A powerful database replication and synchronization tool

Project description

Database Sync Service

A high-performance, resilient PostgreSQL data replication service designed for selective column synchronization and automated schema evolution.

Overview

This service facilitates the replication of specific tables and columns from a primary PostgreSQL database to one or more replica databases. It is built for scenarios where you need to maintain specialized read replicas or sync data across microservices while maintaining strictly controlled schemas.

Configuration

The service is configured via config/sync.yaml.

primary_db:
  url: postgresql://user:pass@localhost:5432/primary_db?sslmode=disable

replica_dbs:
  - name: replica_1
    url: postgresql://user:pass@localhost:5433/replica_db?sslmode=disable

tables:
  users:
    primary_key: id
    mode: upsert        # Options: insert | upsert
    batch_size: 10000
    
    # Columns to extract and maintain
    columns_to_sync:
      - user_name
      - email
      - metadata
      - updated_at

    # Define if primary and replica column names differ
    column_mapping:
      # primary_col: replica_col
      user_name: username

    # Columns to update on conflict (if mode is upsert)
    conflict_resolution:
      update_columns:
        - username
        - email
        - updated_at

    checksum:
      enabled: true
      columns:
        - email
        - username

  orders:
    primary_key: order_id
    mode: insert
    batch_size: 5000
    columns_to_sync:
      - customer_id
      - total_amount
      - status

Getting Started

Prerequisites

  • Python 3.10+
  • PostgreSQL instances (Primary and Replica)

Installation

You can install syncset-db using pip:

pip install syncset-db

Running the Service

You can run the service using the globally installed syncset command or directly via the script.

Using the CLI tool:

# Run with a custom configuration file (Recommended)
syncset --file=sync.yaml

# Run with custom config and dry-run mode
syncset --file=sync.yaml --dry-run

If you don't provide a file, it defaults to config/sync.yaml.

Using Python directly:

# Start Sync
python3 cli.py --file=sync.yaml

# Dry Run
python3 cli.py --file=sync.yaml --dry-run

Key Features

  • Selective Replication: Sync only the tables and columns you need.
  • Incremental Sync: Tracks synchronization state via high-watermark primary keys to ensure only new or modified data is processed.
  • Data Integrity: Optional checksum-based validation to ensure rows are truly identical before skipping them.
  • Multi-Replica Support: Synchronize the same primary data to multiple independent targets in parallel.

Architecture

The synchronization follows a batched extraction and load pattern:

  1. Validate: Perform checksum comparisons (if enabled) against existing replica data to minimize redundant writes.
  2. Load: Execute bulk upserts or inserts into the replica database.
  3. State Update: Persist the highest processed primary key to .sync_state.json.

State Management

Replication progress is stored in .sync_state.json.
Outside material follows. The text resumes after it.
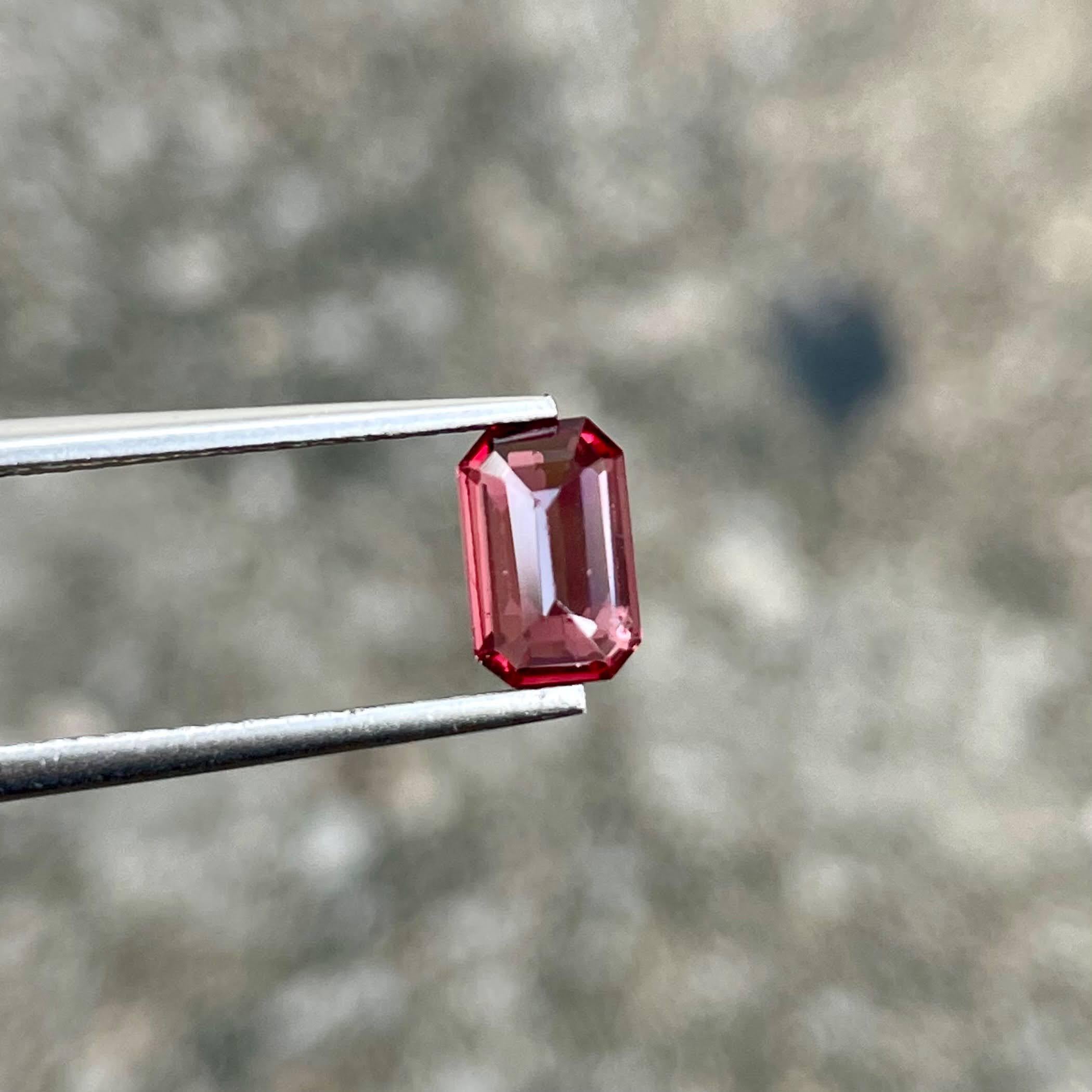 Taglio smeraldo 1,00 carati di Spinello Rosso Rosa Taglia Smeraldo Gemma Birmana Naturale in vendita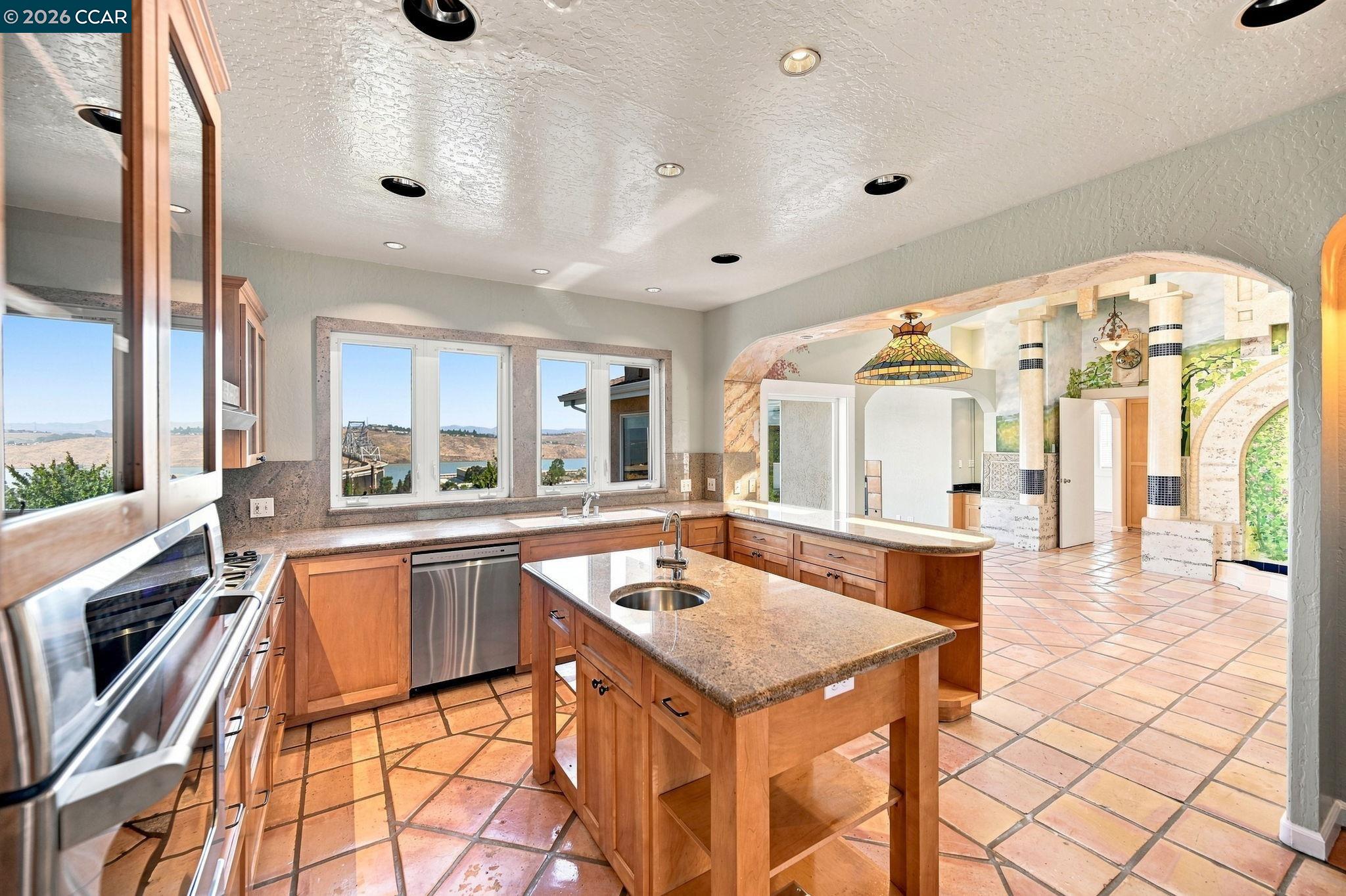 1135 5Th Ave, Crockett CA 94525 — photo 28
To re-trigger a full synchronization for a specific table, simply remove its entry from this file or delete the file entirely.

Future Plans

  • CDC Support: Implement logical decoding to enable near real-time synchronization.
  • Monitoring: Integration with Prometheus and Grafana for health and performance monitoring.
  • Web Dashboard: A lightweight management UI to monitor sync progress and adjust configuration visually.
  • Multi-Database Support: Extend beyond PostgreSQL to support MySQL, SQLite, and MongoDB as targets.
  • Compression: Add support for data compression during transit for high-latency connections.

License

MIT

Project details


Download files

Download the file for your platform. If you're not sure which to choose, learn more about installing packages.

Source Distribution

syncset_db-0.2.0.tar.gz (10.6 kB view details)

Uploaded Source

Built Distribution

If you're not sure about the file name format, learn more about wheel file names.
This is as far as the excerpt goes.